Schmunzelnd ließ Lovis seine Finger durch das Fell von Barnabas gleiten, seinem Bernhardiner, den er zusammen mit dem Messner Hof von seinem Onkel Sebastian geerbt hatte. Ein Stückchen entfernt krakeelten die Hühner glücklich vor sich hin und das Bächlein, das eine natürliche Grenze zwischen den Liegenschaften des Messner Hofs und der Schmiedhofer Wiese bildete, gluckerte fröhlich. Oben auf dem Radlseeberg und der Plose, den beiden Hausbergen von Brixen, verfärbten sich schon die Lärchen und bildeten gelbe Tupfer in dem satten Grün der Nadelbäume, darüber spannte sich ein tiefblauer Herbsthimmel.
Lovis war rundum zufrieden und … gelangweilt. Schon seit einigen Wochen hatte er keinen neuen Fall. Sein Frust vergrößerte sich noch, als ihm einfiel, dass Angelika heute Nachtdienst hatte und er auf sich gestellt war, und er fragte sich, wie er das in den Jahren bis heute geschafft hatte. Schließlich hatte er zeit seines Lebens allein gelebt und nie das Gefühl gehabt, irgendwas zu vermissen.

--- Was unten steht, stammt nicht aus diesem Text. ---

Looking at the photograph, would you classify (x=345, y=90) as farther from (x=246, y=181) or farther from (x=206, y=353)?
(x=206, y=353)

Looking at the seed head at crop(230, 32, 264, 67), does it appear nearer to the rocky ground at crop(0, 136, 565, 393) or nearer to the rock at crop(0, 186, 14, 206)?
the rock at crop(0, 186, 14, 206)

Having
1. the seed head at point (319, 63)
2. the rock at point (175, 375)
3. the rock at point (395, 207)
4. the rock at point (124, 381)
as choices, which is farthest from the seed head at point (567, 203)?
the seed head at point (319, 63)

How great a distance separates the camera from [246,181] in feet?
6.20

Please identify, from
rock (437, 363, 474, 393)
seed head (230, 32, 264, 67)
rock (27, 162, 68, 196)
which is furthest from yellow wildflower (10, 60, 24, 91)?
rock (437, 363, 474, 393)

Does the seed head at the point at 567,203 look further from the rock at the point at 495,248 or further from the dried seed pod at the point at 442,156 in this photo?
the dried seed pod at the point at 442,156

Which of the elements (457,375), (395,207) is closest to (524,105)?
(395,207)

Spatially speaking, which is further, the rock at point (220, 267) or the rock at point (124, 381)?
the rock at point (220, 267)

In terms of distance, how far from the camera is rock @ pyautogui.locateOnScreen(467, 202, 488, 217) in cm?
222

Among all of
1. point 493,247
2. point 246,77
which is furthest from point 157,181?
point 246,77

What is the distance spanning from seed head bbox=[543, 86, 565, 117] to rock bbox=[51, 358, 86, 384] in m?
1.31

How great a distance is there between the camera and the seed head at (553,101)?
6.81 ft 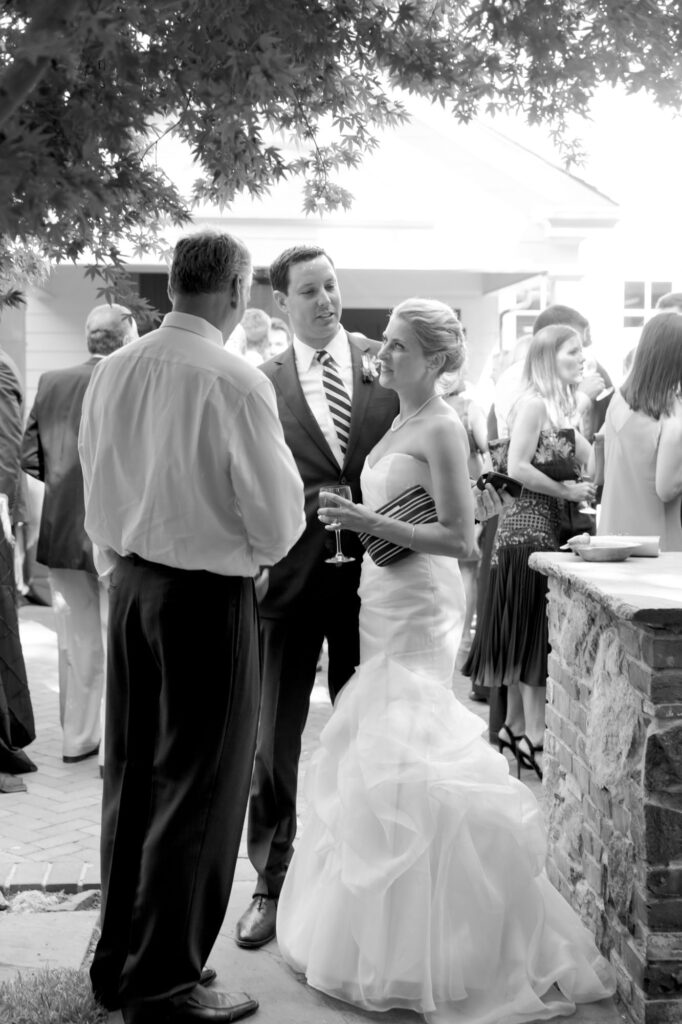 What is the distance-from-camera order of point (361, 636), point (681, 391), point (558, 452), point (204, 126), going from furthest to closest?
point (558, 452)
point (681, 391)
point (361, 636)
point (204, 126)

Die Sonne verschwand hinter dem Bergrücken des Radlseebergs und sofort wurde es merklich kühler. Lovis zog sich seine Jacke über. Er war rastlos.
»Lust auf einen Spaziergang?«, fragte er Barnabas.
Der Bernhardiner sprang sofort auf und tanzte schwanzwedelnd um ihn herum. Seltsam eigentlich. Barnabas war kein Kettenhund und konnte sich frei auf den Ländereien des Messner Hofs bewegen. Doch das tat er nie. Dafür lag er stunden- und tagelang an seinem angestammten Platz neben dem Eingang zum Wohnhaus auf dem Söller und ließ sich die Sonne auf den Pelz scheinen. Wenn Lovis ihn aber zu einem Spaziergang aufforderte, benahm er sich, als würden Weihnachten und Ostern zusammenfallen.
»Wohin wollen wir denn?«
Barnabas sah Lovis an, dann lief er los. Den Kiesweg hinunter in den Vorhof, wo man an den Geräuschen aus dem Stall hören konnte, dass Paul gerade dabei war, die Kühe zu füttern, dann bog er in die Reihen der Apfelbäume ein und lief beschwingt vor und zurück, immer die Nase am Boden und sichtlich aufgeregt.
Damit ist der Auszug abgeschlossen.